Since, P(A) != P(A/B), we can conclude that there is an association between getting a loan and the property area. The probability of getting a loan, regardless of property area, is 68.7%.
However, examination of a contingency table containing both Loan Status and Property area showed that the conditional probability of getting a loan changes by property area.
Visual examination of the barplot shows the conditional probabilities of getting a loan are not equal across Property areas.

      2. Credit History vs Loan Status:                                                                  
Question: is there an association between getting a Loan and Credit History?

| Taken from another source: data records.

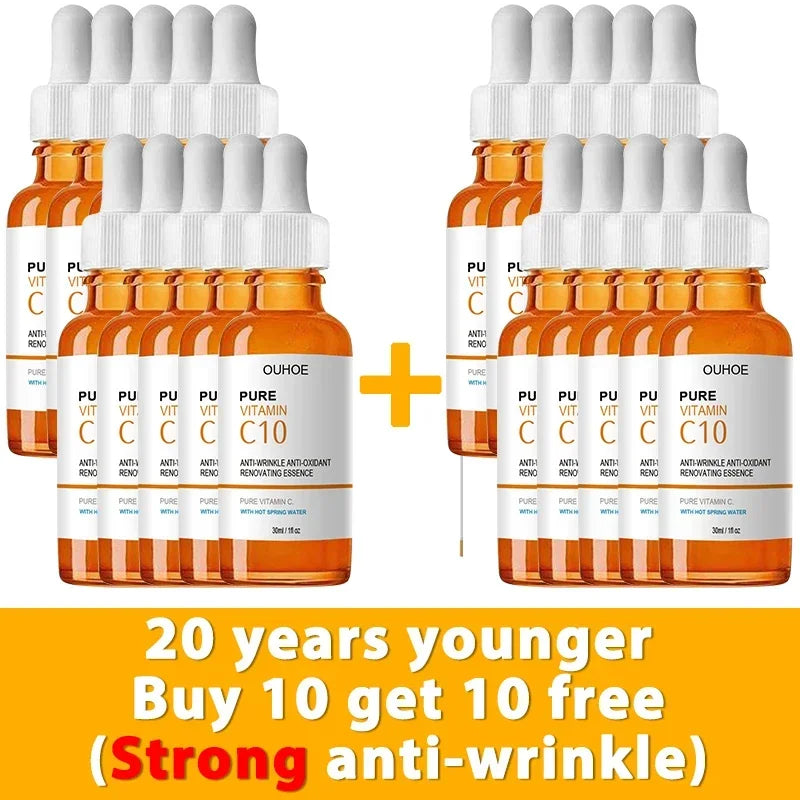 Vitamin C  Face Serum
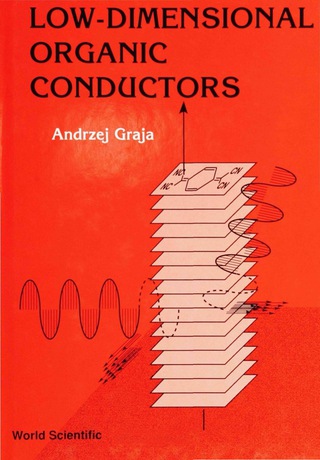 Cover image: LOW-DIMENSIONAL ORGANIC CONDUCTORS 9789810204778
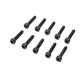 Losi - Cap Head Screws M4 x 20mm STL (10) (LOS-3926)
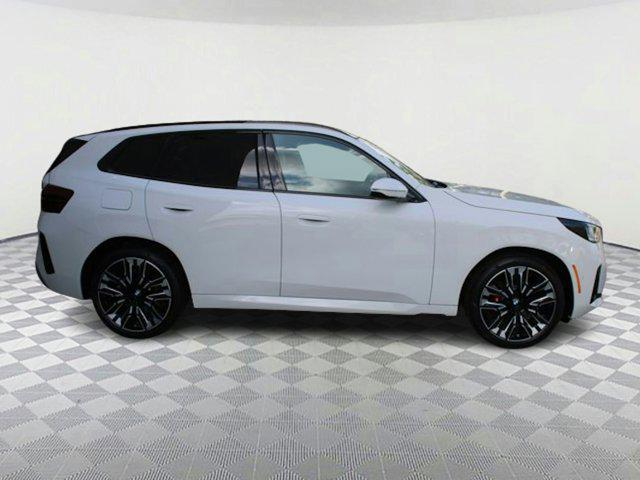 new 2025 BMW X3 car, priced at $62,535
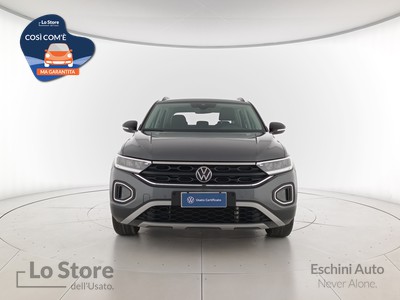 2 - Volkswagen T-Roc eschini auto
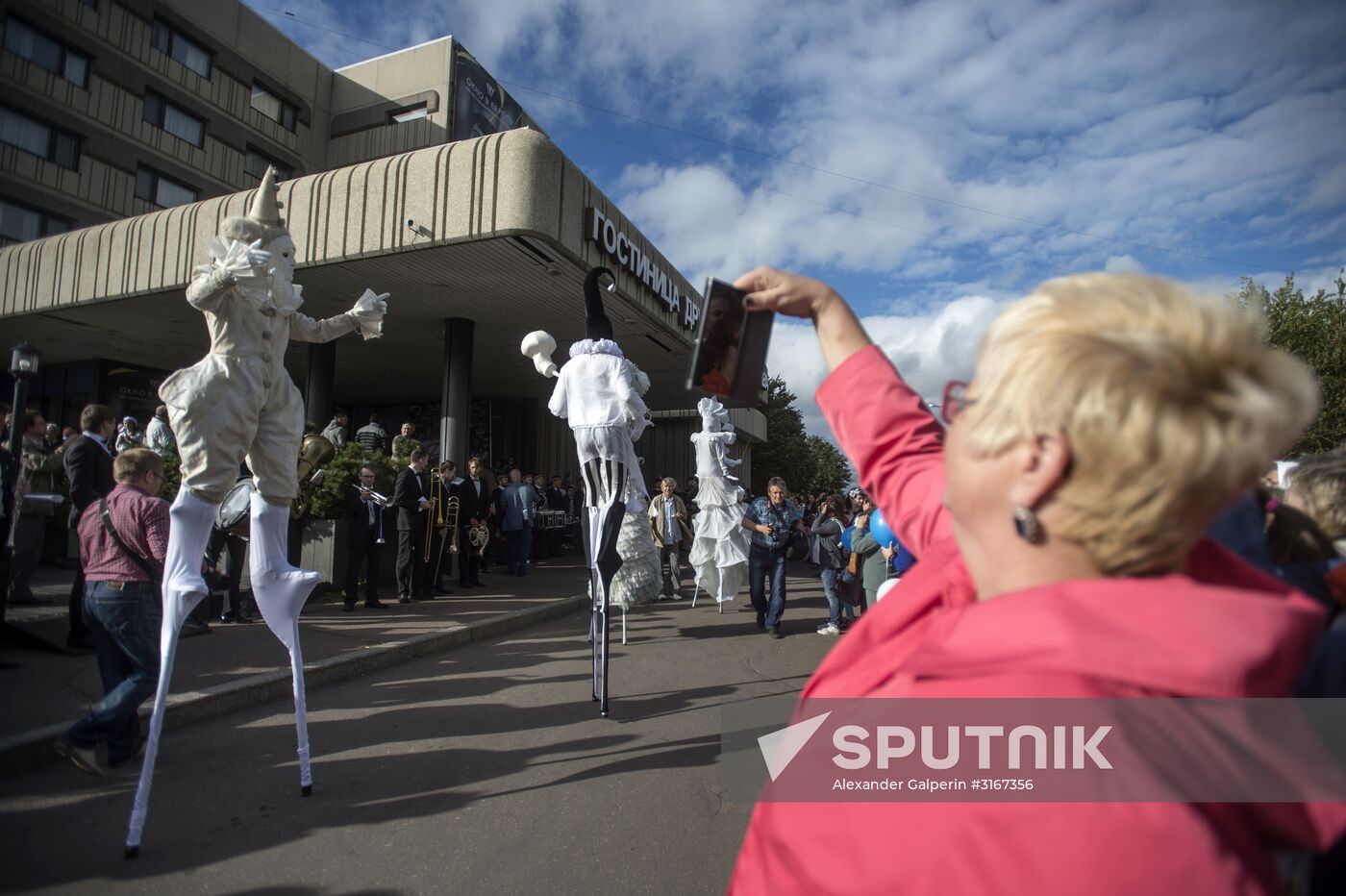 25th Window to Europe Russian film festival opens in Vyborg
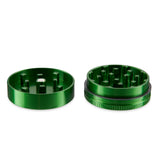 Santa Cruz Shredder 2pc Small Aluminum Herb Grinder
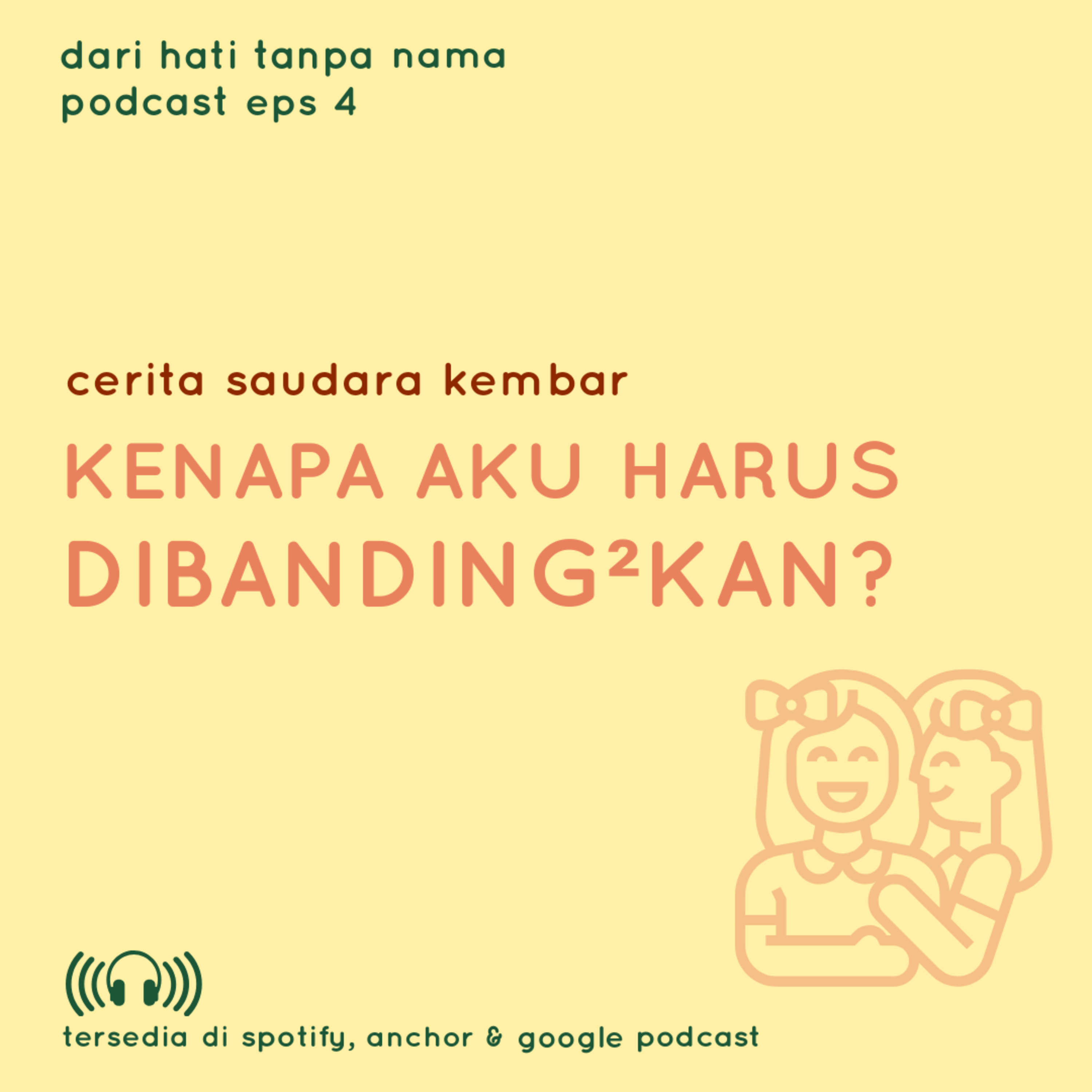 Dari Hati Tanpa Nama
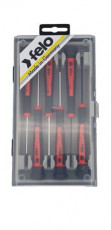 Felo Screwdriver set for precision work Tx/HEX in a case, 6 pcs 24896156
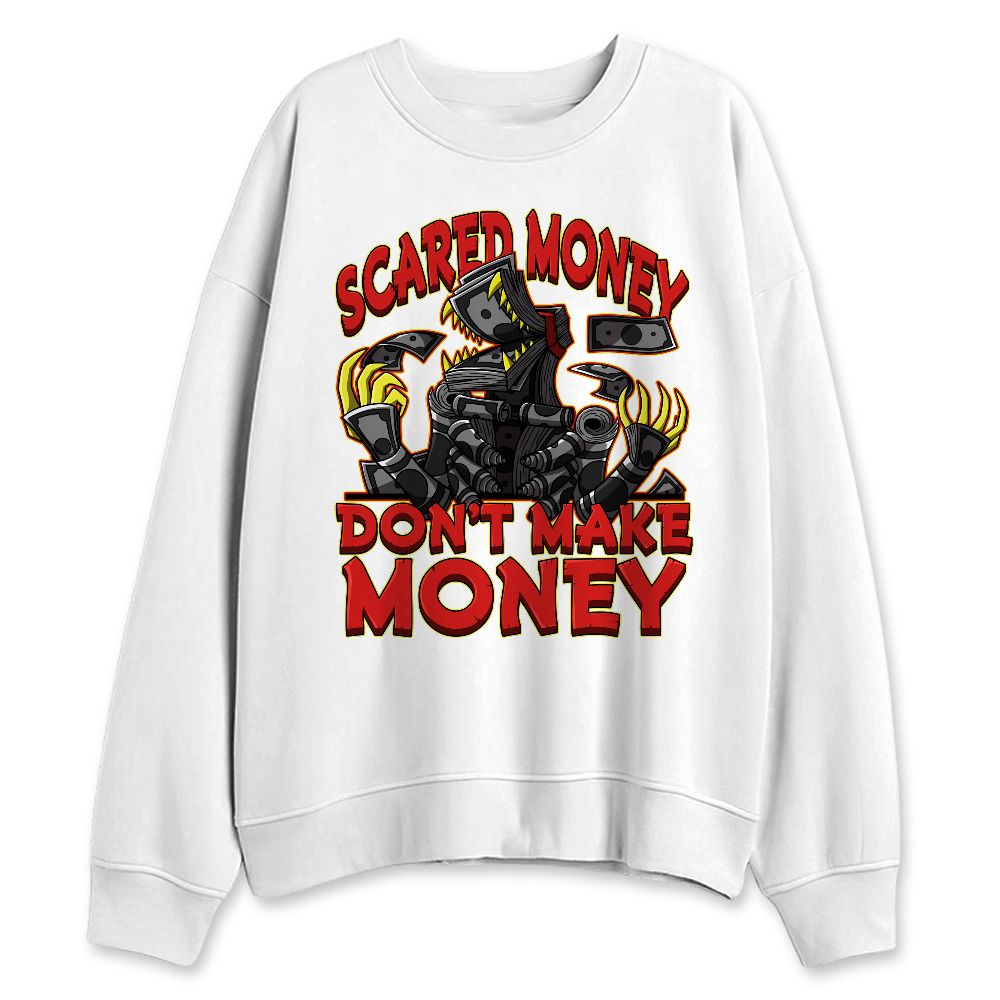 Ferrari-14s-NastyJamz-Sweatshirt-Match-Scared-Money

Since, P(A) != P(A/B), there is an association between getting a loan and the credit history. The probability of getting a loan, regardless of credit history, is 68.7%.
However, conditional probability showed that getting a loan changes by credit history.
From the barplot, it is very clear that those customers who have a credit card stands a better chance for getting a loan. We will do some statistical tests to confirm this assumption later on this project.

   3.  Education vs Loan Status:                                                                       
Question: is there an association between getting a Loan and Education?
Since, P(A) != P(A/B), we can assume that there is an association between getting a loan and the Education. Although, the difference is just 9%, a statistical test would be helpful to confirm this assumption.

   4. Loan Amount Term vs Loan Status:                                                          
Question: is there an association between getting a Loan and Loan Amount Term?
Since, P(A) != P(A/B), there seems to be an association. This needs to be confirmed with some statistical tests.
NOTE: Loan Term was divided into 3 bins:                                                                

low[0-160 months], medium[160-320 months], high[320-500 months] 

   5. Dependents VS Loan Status:                                                                         
Question: is there an association between getting a Loan and Dependents?
For Dependents == 0, P(A) = P(A/B), whereas, others seems to have an association.

   6. Self Employed vs Loan Status:                                                                  
Question: is there an association between getting a Loan and Self Employment?
Since P(A) is almost equal to P(A/B). Our initial assumption would be that there is no association between these two.
Need to conduct a statistical test to confirm.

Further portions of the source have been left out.